● **What you should do**:
The result should be the full listing copied exactly, with no pictures in it.

● **Dataset section**:
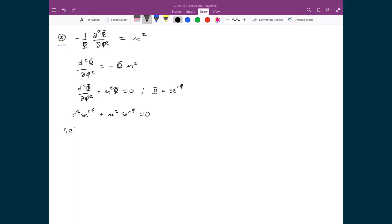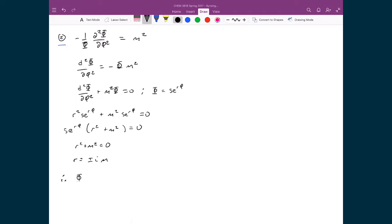I can factor out Se^(rφ), so I have r² plus m² equals zero, which means r² plus m² must equal zero since Se^(rφ) can't equal zero. In the end, r is equal to plus or minus i times m, which means my solution Phi as a function of φ is equal to ae^(imφ) plus be^(-imφ).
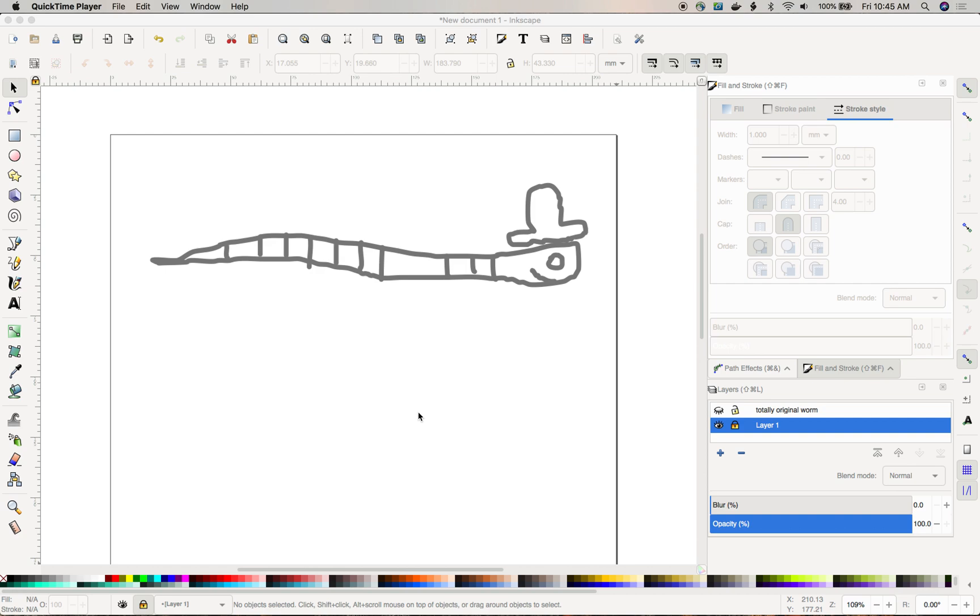Welcome to Inkscape. In this quick demonstration I'm going to show you how to bend a shape to your will.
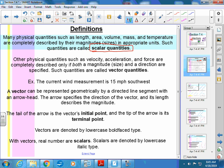Other physical quantities — velocity, acceleration, and force — are described only when both the magnitude and the direction are specified. Such quantities are called vector quantities. For example, you have a speedometer on your car that measures speed, but you do not have a velocidometer that measures velocity. We'll talk about speed versus velocity before we're done with this lesson.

● **Answer to the problem**:
I can factor out Se^(rφ), so I have r² plus m² equals zero, which means r² plus m² must equal zero since Se^(rφ) can't equal zero. In the end, r is equal to plus or minus i times m, which means my solution Phi as a function of φ is equal to ae^(imφ) plus be^(-imφ).
Welcome to Inkscape. In this quick demonstration I'm going to show you how to bend a shape to your will.
Other physical quantities — velocity, acceleration, and force — are described only when both the magnitude and the direction are specified. Such quantities are called vector quantities. For example, you have a speedometer on your car that measures speed, but you do not have a velocidometer that measures velocity. We'll talk about speed versus velocity before we're done with this lesson.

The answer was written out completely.